Task goal: Return each entry below exactly. Skip the images.

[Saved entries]
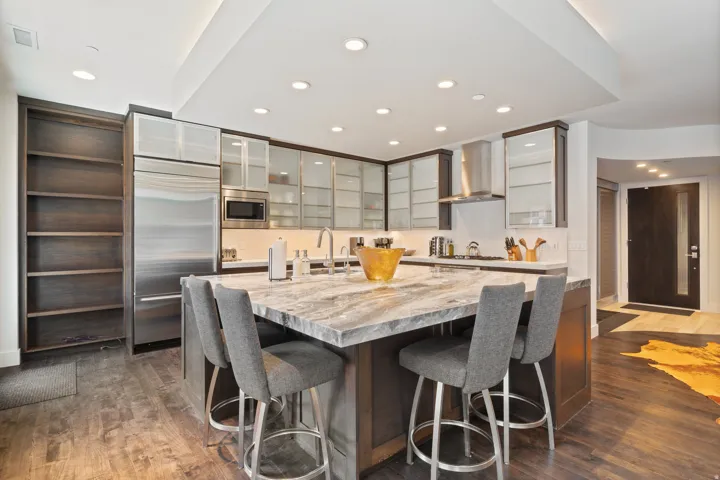 Modern kitchen featuring wood-finish flooring and a central island with a stone countertop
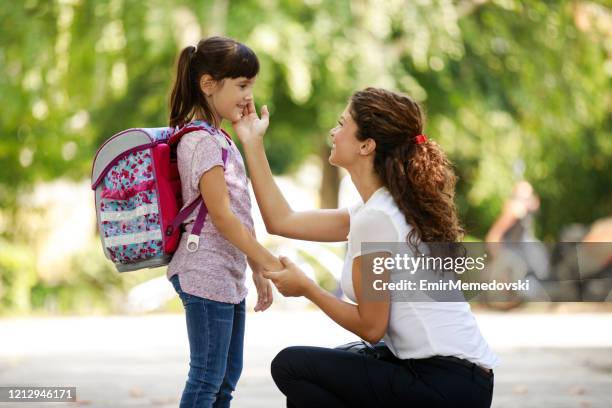 mother sending daughter to school - sending stock pictures, royalty-free photos & images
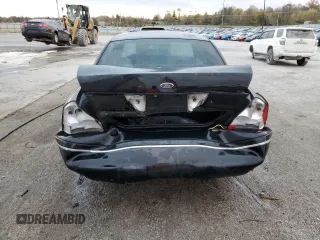 2000 Ford Crown Victoria LX z VIN 2FAFP74W3YX122481, wystawiony jako Copart lot #79189794 z przebiegiem 277 772 mil mil oraz Nie do naprawy • Non repairable. Historia ofert i sprzedaży dostępna na DreamBid. Obrazek 6.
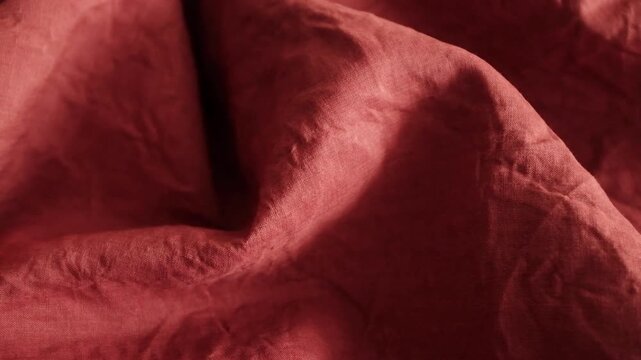 Premium terracotta red linen or hemp fabric texture. Rustic wrinkles, natural organic pattern, and rich earthy red tones. Ideal for abstract textile design, slow fashion concepts, eco-friendly apparel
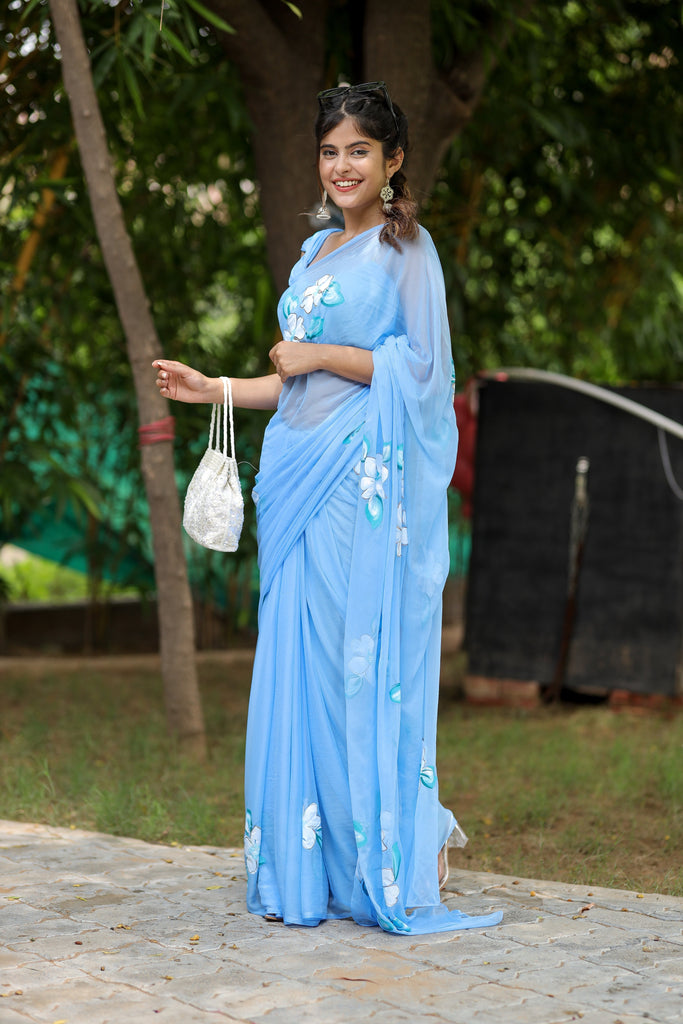 Sky Blue Georgette Saree with Hand-Painted White Floral Motifs – Attached Blouse – 5.5 Meters FANCY SAREES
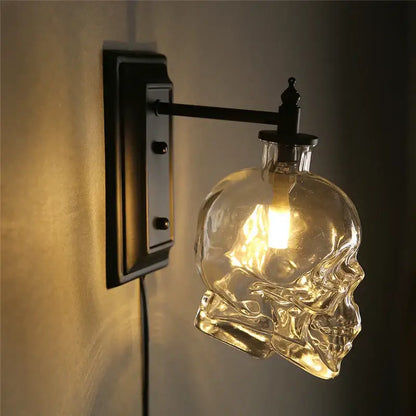 Vintage industrial glass skull wall sconce with clear glass skull lamp and black metal mounting bracket for living room use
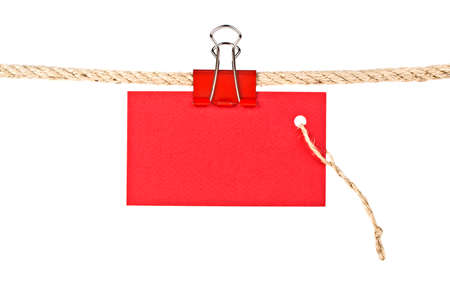 Red lable on a rope isolated on white background, closeupの写真素材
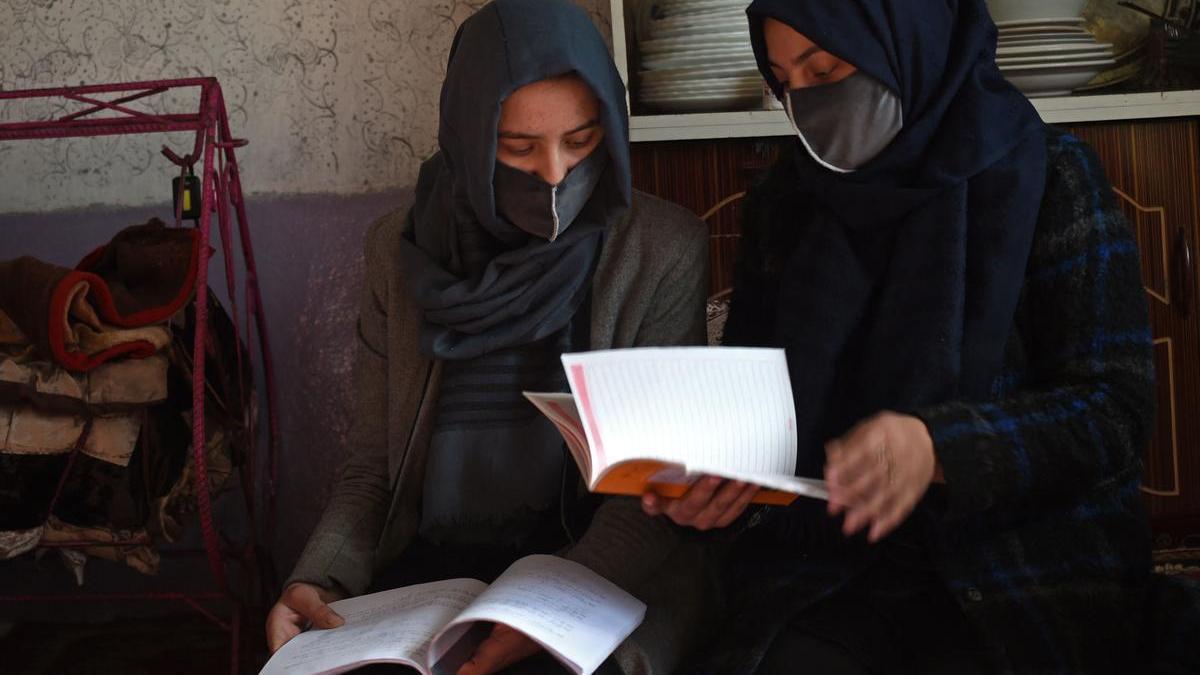 Dos jóvenes estudiantes leen un libro en su casa de Kabul.
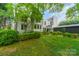 Backyard featuring manicured lawn, mature trees, a beautiful bench, and the rear of the house at 1919 Kensal Ct, Charlotte, NC 28211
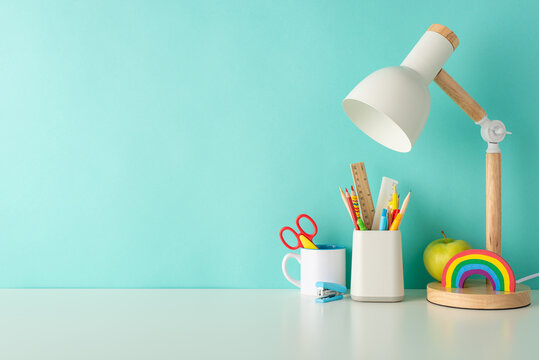 Cultivate Efficient Learning Habits With This Side-view Photo Featuring White Desk With Colorful Office Supplies, Organizer, And Lamp On A Blue Backdrop, Accompanied By Ample Space For Text Or Advert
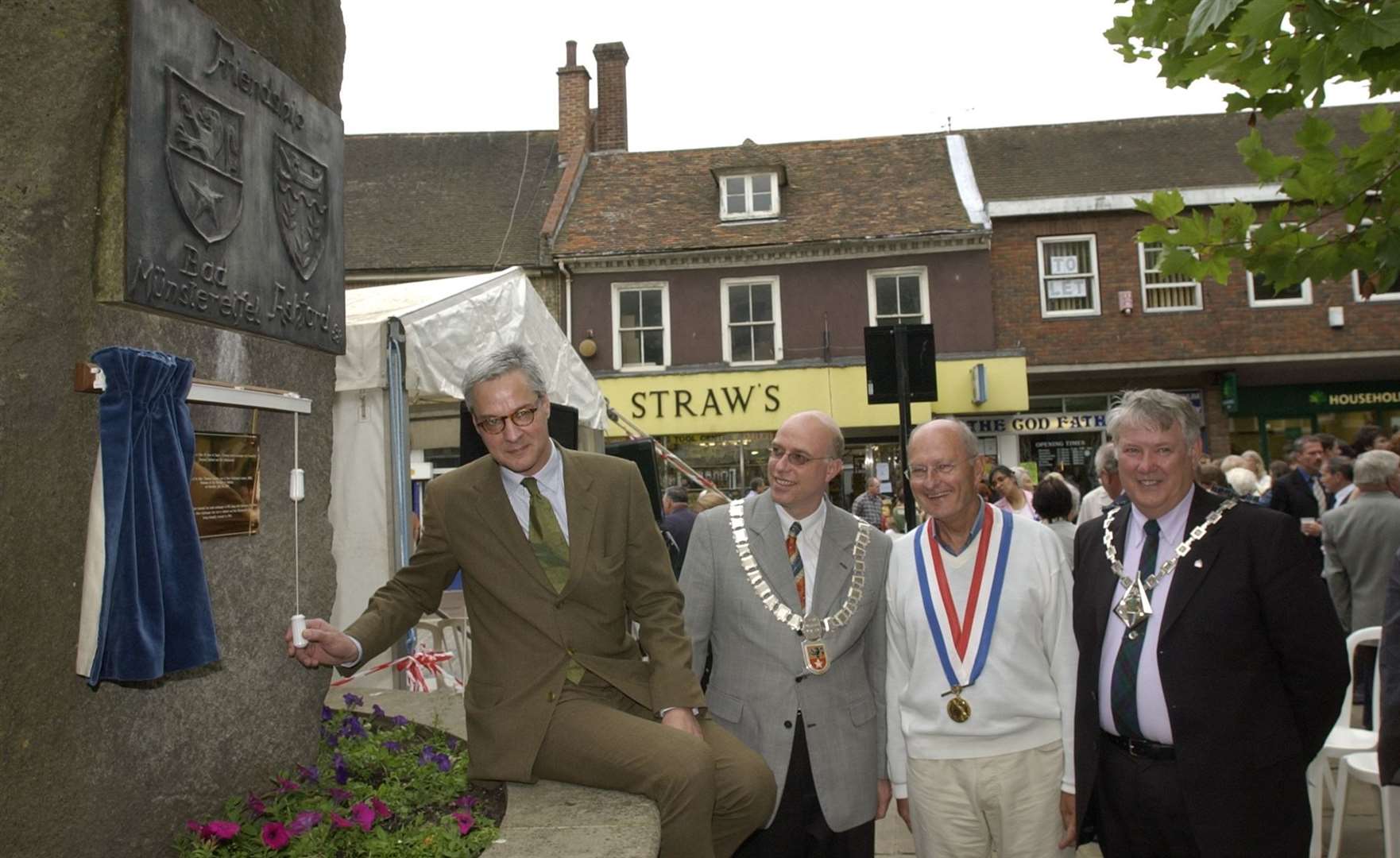 A plaque is unveiled on Ashford's friendship rock in the Lower High Street in 2003. The rock commemorates the twin links between Ashford and Bad Münstereifel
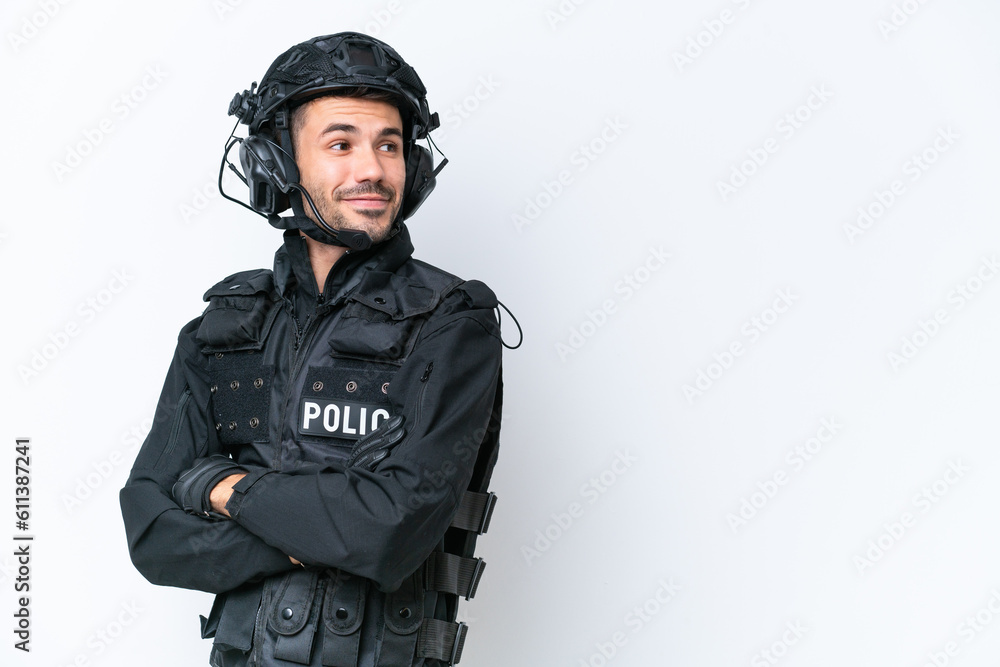 Young caucasian SWAT man isolated on white background with arms crossed and happy Young caucasian SWAT man isolated on white background with arms crossed and happy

Solved exercise:
 Modern kitchen featuring wood-finish flooring and a central island with a stone countertop
 mother sending daughter to school - sending stock pictures, royalty-free photos & images
 2000 Ford Crown Victoria LX z VIN 2FAFP74W3YX122481, wystawiony jako Copart lot #79189794 z przebiegiem 277 772 mil mil oraz Nie do naprawy • Non repairable. Historia ofert i sprzedaży dostępna na DreamBid. Obrazek 6.
 Premium terracotta red linen or hemp fabric texture. Rustic wrinkles, natural organic pattern, and rich earthy red tones. Ideal for abstract textile design, slow fashion concepts, eco-friendly apparel
 Sky Blue Georgette Saree with Hand-Painted White Floral Motifs – Attached Blouse – 5.5 Meters FANCY SAREES
 Vintage industrial glass skull wall sconce with clear glass skull lamp and black metal mounting bracket for living room use
 Red lable on a rope isolated on white background, closeupの写真素材
 Dos jóvenes estudiantes leen un libro en su casa de Kabul.
 Backyard featuring manicured lawn, mature trees, a beautiful bench, and the rear of the house at 1919 Kensal Ct, Charlotte, NC 28211
 Cultivate Efficient Learning Habits With This Side-view Photo Featuring White Desk With Colorful Office Supplies, Organizer, And Lamp On A Blue Backdrop, Accompanied By Ample Space For Text Or Advert
 A plaque is unveiled on Ashford's friendship rock in the Lower High Street in 2003. The rock commemorates the twin links between Ashford and Bad Münstereifel
 Young caucasian SWAT man isolated on white background with arms crossed and happy Young caucasian SWAT man isolated on white background with arms crossed and happy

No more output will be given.